Home Featured Former Toronto Mayor John Tory violated city’s Code of Conduct, but not harassment policy, with undisclosed relationship: Integrity commissioner

Former Toronto Mayor John Tory violated city’s Code of Conduct, but not harassment policy, with undisclosed relationship: Integrity commissioner

by HR Law Canada

Former Toronto Mayor John Tory violated the city’s code of conduct with his undisclosed personal relationship with a staff member, according to a detailed report released by the city’s integrity commissioner.

The inquiry, initiated by Tory himself on Feb. 10, 2023, scrutinized his actions during the affair which began in the summer of 2020 and continued intermittently until his resignation.

But it also concluded that the former mayor did not violate the city’s human rights and anti-harassment/discrimination policy nor did he use his status to improperly influence executives at the Scarborough Health Network Foundation or Maple Leaf Sports and Entertainment (MLSE) to help the staff member find work.

The report, released in October, was published this week on CanLii.

The affair and its HR implications

The report outlines that Ms. A, who worked in the Mayor’s Office from January 2018 until March 2021, had responsibilities that included supporting Tory at events and later, during the pandemic, in other capacities. Their relationship, initially professional, evolved into a personal one during this period.

Despite attempts to end the relationship and manage the situation internally, the affair resumed, raising questions about workplace dynamics and ethical conduct.

“Relationships between a person in authority and someone who works for them are not only a conflict of interest but reflect a significant power imbalance,” wrote Jonathan Batty in the report. “If such relationships are not disclosed and managed appropriately, it may be necessary to investigate whether there has been sexual harassment in the workplace.”

Batty noted that the relationship was consensual and Ms. A was “clear she did not feel pressured by the affection” from the mayor and Tory “reasonably knew” the affection he showed towards her was not unwelcome. 

“I never felt I was in jeopardy, or things weren’t okay,” said Ms. A. 

Violations of the Code of Conduct

The Integrity Commissioner’s investigation focused on six issues, finding violations in two significant areas. Tory failed to adhere to the Human Resources Management and Ethical Framework for Members’ Staff, specifically in terms of disclosure, workplace management, and upholding a safe work environment for Ms. A.

“Ms. A was not provided a ‘safe work environment’ as required by the Ethical Framework for Members’ Staff,” said Batty. “Mr. Tory put his private interests first.”

Batty cited the fact that Tory did not respect established reporting relationships in the mayor’s office so as to not isolate Ms. A; did not respect her right to confidentiality in the workplace and to obtain independent advice; and did not appreciate that the workplace — especially during the pandemic — extended beyond just being physically present in the Mayor’s Office at City Hall.

Voting on World Cup issues

The report also took issue with Tory’s voting decisions related to Toronto’s FIFA World Cup 2026 bid. The investigation revealed that from April 2021, Ms. A played a central role in the city’s World Cup bid under MLSE’s chief venues and operations officer. Tory’s involvement in the City Council debates and votes on matters concerning the World Cup bid, particularly when Toronto’s success in the bid was confirmed and the subsequent decision to negotiate exclusively with MLSE for hosting services, raised questions of conflict of interest.

Despite Tory’s claims of no conflict, the report highlighted that his votes on Council matters directly impacted Ms. A’s employment and potential benefits at MLSE, where she was offered a permanent position shortly after the city’s decision. The investigation concluded that Tory’s actions violated the principles of avoiding conflicts of interest and improper use of office for personal gain.

This was compounded by his failure to be open and transparent with the Council and the public about his personal circumstances, which warranted recusal from these votes. 

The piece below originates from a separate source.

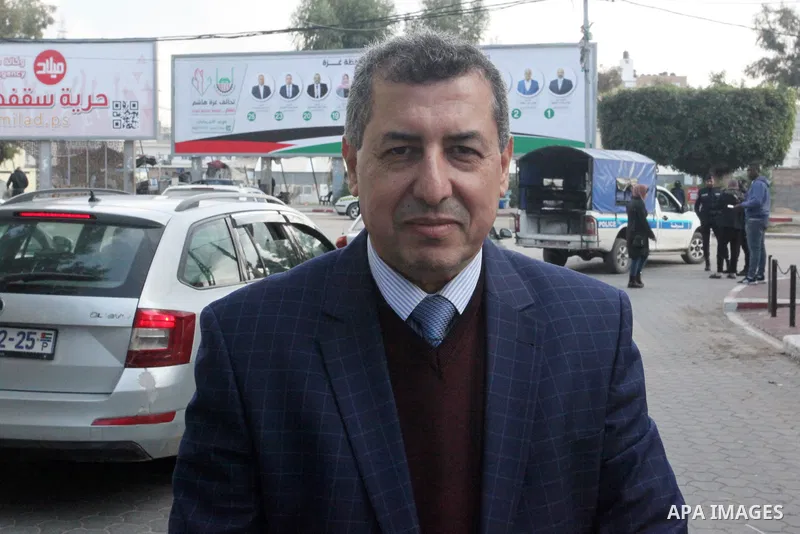 Mukhaimar Abu Saada, a university professor speaks during an interview in Gaza city on January 9, 2023. Israeli Minister of Finance, Bezalel Smotrich, to seize 139 million shekels from the Palestinian clearance tax. In 2...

Batty’s recommendation is that not penalty be applied to Tory, as the Code of Conduct and the City of Toronto Act, 2006, are intended to apply to people holding office. 

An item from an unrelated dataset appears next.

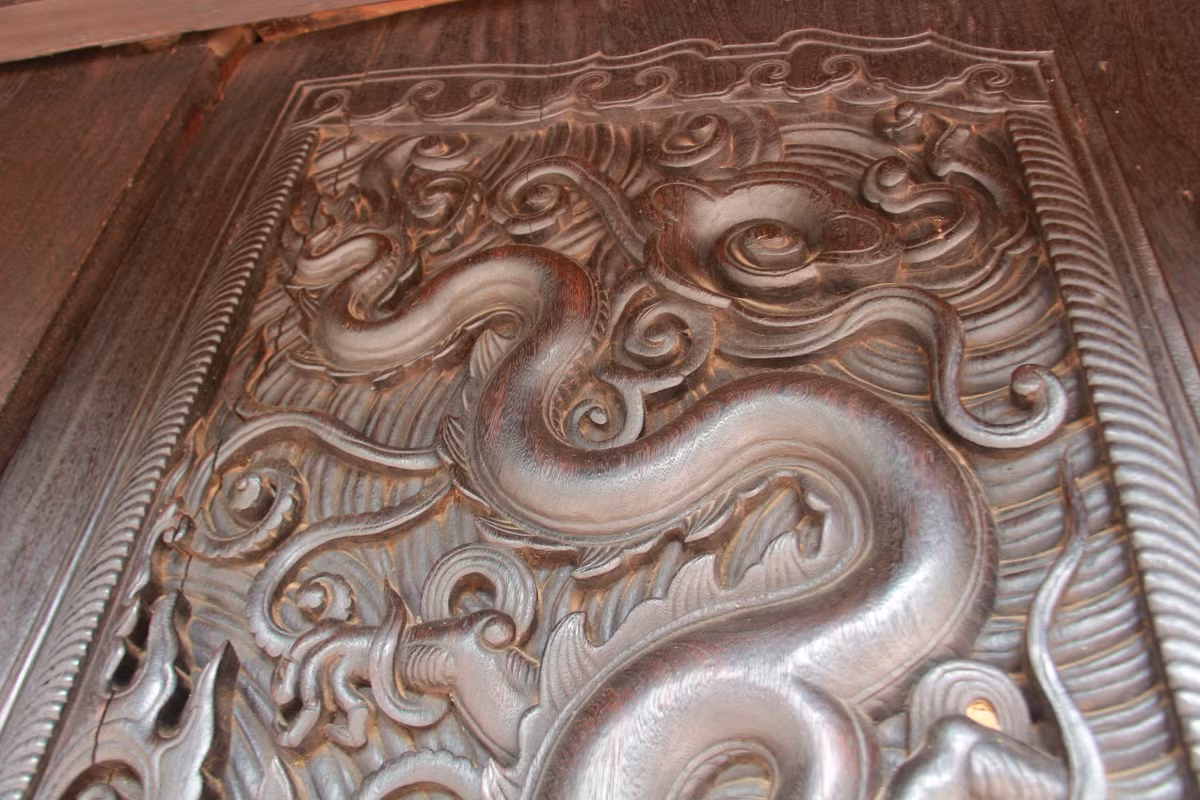 Phần dưới chạm bông hoa cúc nở đối xứng, phía trên chạm lá đề, cánh sen kép.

“The penalties available to Council are suspension of a Member’s remuneration or a reprimand of the Member. It is clearly not possible to suspend Mr. Tory’s pay; he has left office,” said Batty. “While it may be within the authority of Council to reprimand a former Member, it is my view that it would serve no purpose to reprimand a person who self-reported their conduct as they resigned office.”

Recommendations and conclusions

The Integrity Commissioner’s findings recommend more robust policies and procedures to handle similar situations in the future, highlighting the need for timely reporting and independent monitoring of such relationships. The report serves as a reminder of the complexities and potential repercussions of personal relationships in professional settings, particularly in the realm of public service.